How could this be fixed? Histograms can be manipulated to give better spreads
over the colours, but the most valuable way to do that is context dependent.
I need to do more research before implementing the general case for bigger
Int types, floating types, and ADTs.
2.3.5 No reprojection support
There is a Projection typeclass, but instances have not been written for the
various types.
How could this be fixed? Do some research and write them, lazy bones.
2.3.6 Slow faspect and fgradient
fvolume, fupstream, and fdownstream are quite fast due to some math tricks.
Their angle-oriented siblings, however, had no such shortcuts that I knew of.
I call out to another library, hmatrix, to handle the linear algebra ops
described in the module documentation, and something about this undoes the
usual efficiency of windowed Rasters.
How could this be fixed? Are their better approaches to faspect and fgradient?
Maybe I should be using a different Linear Algebra library.
2.3.7 No extended neighbourhood for Focal Ops
This is a non-trivial thing to leave out, but honestly I didn't have the resources to include this in an initial version of the library.
If you need extended or non-square neighbourhoods, please consider GeoTrellis which has a variety.
How could this be fixed? Perhaps for each focal op, say fmean, I could
provide a variant fmeanWith that takes an arbitrary stencil. I'd also have
to provide some stencil making functions, so that it would be easy to, for instance,
generate a 10x10 square on a whim.
2.3.8 No true Multiband support
mapalgebra and Massiv rely on JuicyPixels for image IO. At present, it can only
read TIFFs in RGBA mode (or simpler). True multibanded imagery, like that from Landsat,
just can't be read.
How could this be fixed? We already have the RGBARaster wrapper type, but that's not
enough. I need to either:
- Tell JuicyPixels about my needs (or submit a patch).

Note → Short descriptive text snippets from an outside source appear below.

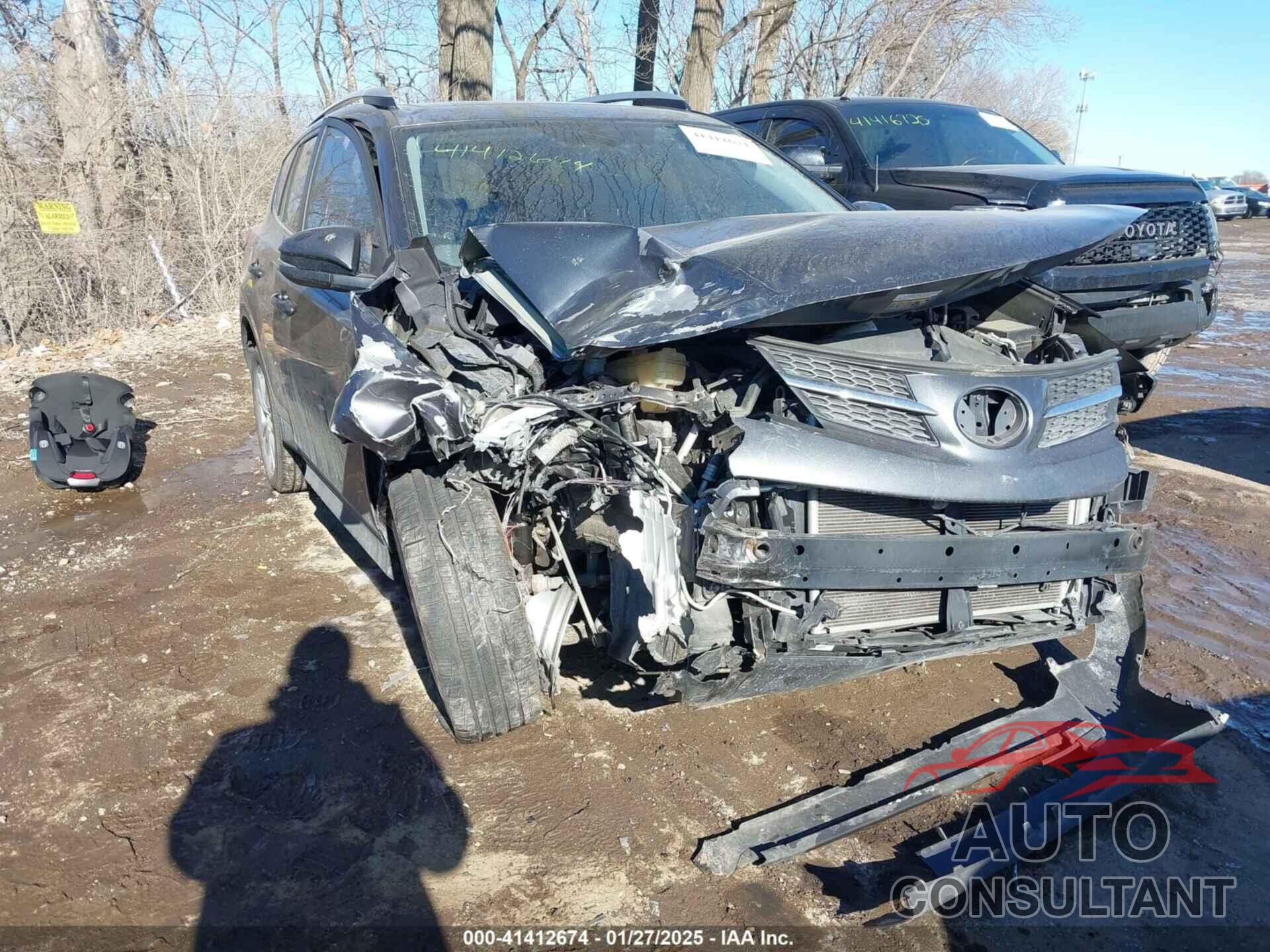 TOYOTA RAV4 2015 - JTMDFREV3FD151327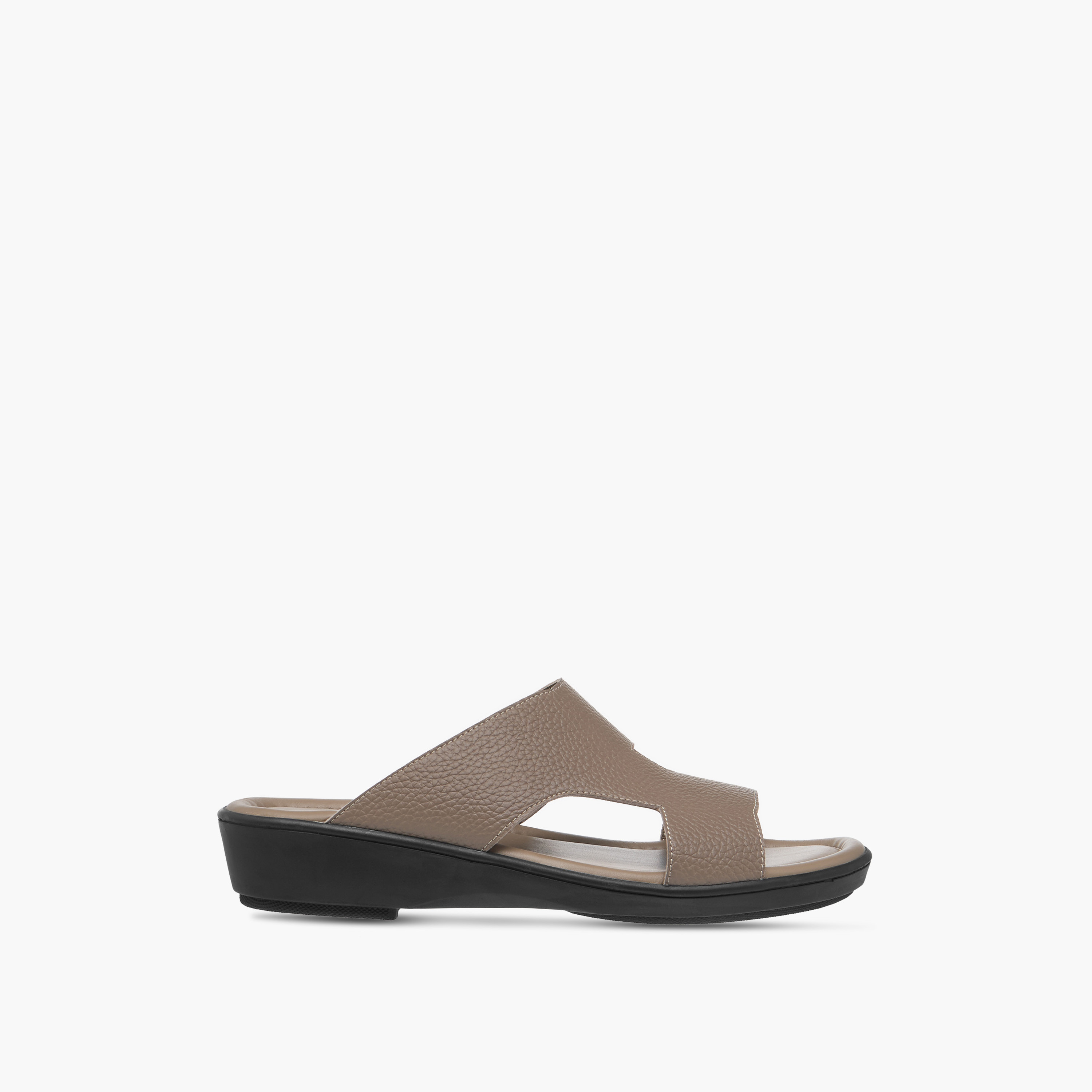 صندل عربي سهل الارتداء بتفاصيل مفرّغة من إل بي إل من شوإكسبريس-men-shoes-sandals-image-2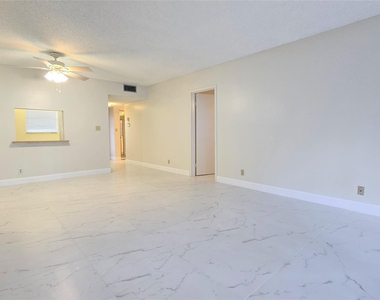 8421 Lagos De Campo Boulevard - Photo Thumbnail 6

- Write my own library for specifically reading multiband geotiffs.
Either way, mapalgebra takes the stance that multiband imagery, as a special data type,
doesn't exist. A multiband image is just a collection of singleband images, which are
each just a Raster.
2.3.9 Potentially long compile times
In order to be performant, mapalgebra relies on -O2 and a lot of inlining.
Depending on the amount of calls to its functions, this can really slow down
compilation of your code.
How could this be fixed? That's life, I'm afraid. When testing, make sure
to compile with stack build --fast so that all optimizations are skipped.
It really makes a difference.
2.3.10 Why not GPU?
If going single-machine, why not do it "right" and use a giant GPU instead?
I can't find a rebuttle for that, other than that CPUs seem more readily available.
This is somewhat of an existential issue for mapalgebra - for it to have value
we'd need to agree that CPU-based Raster processing is useful. Is it?
I hope so.
3 What about Rasterio (Python)?
Rasterio is a Python library for reading and writing GeoTIFFs, and performing basic Local Operations. It aims for improvement in usability over the Python binding provided by GDAL.
3.1 Philosophy and Strengths
Rasterio's solution to the Raster processing problem? Use C to go fast.
3.1.1 GDAL and Numpy
Rasterio uses GDAL, a well-known C library, for its IO. After an image has been read, users are given NumPy arrays to work with. Rasterio thus directly benefits from the speed of NumPy's operations, which are all written in C at the lowest level.
Both GDAL and NumPy are well-established projects with many developers behind them.
3.1.2 Mindshare
Python is huge. It's installed by default on many modern systems and has a low learning curve. This, and the advent of NumPy/SciPy, have made it a darling of the Data Science world.
This is good from an employability standpoint - what dev doesn't know / can't learn Python?
This is also good from a research standpoint - a supervisor can feel confident in assigning "Learn Python" to a student as a preliminary research task.
3.1.3 Low-effort Deployment
Since all Python programs are just scripts, making sure GDAL is properly installed on the host system is about the only problem you might have.
3.2 Short-comings
3.2.1 Dynamic Language
Python has neither explicit types nor a compiler. This might be fine for prototyping, but for large or long-running projects, this approach can accrue technical debt. Beyond a certain code size, proposed changes become paralyzing: "What will the effect of me changing these function arguments be?" You won't know until run-time.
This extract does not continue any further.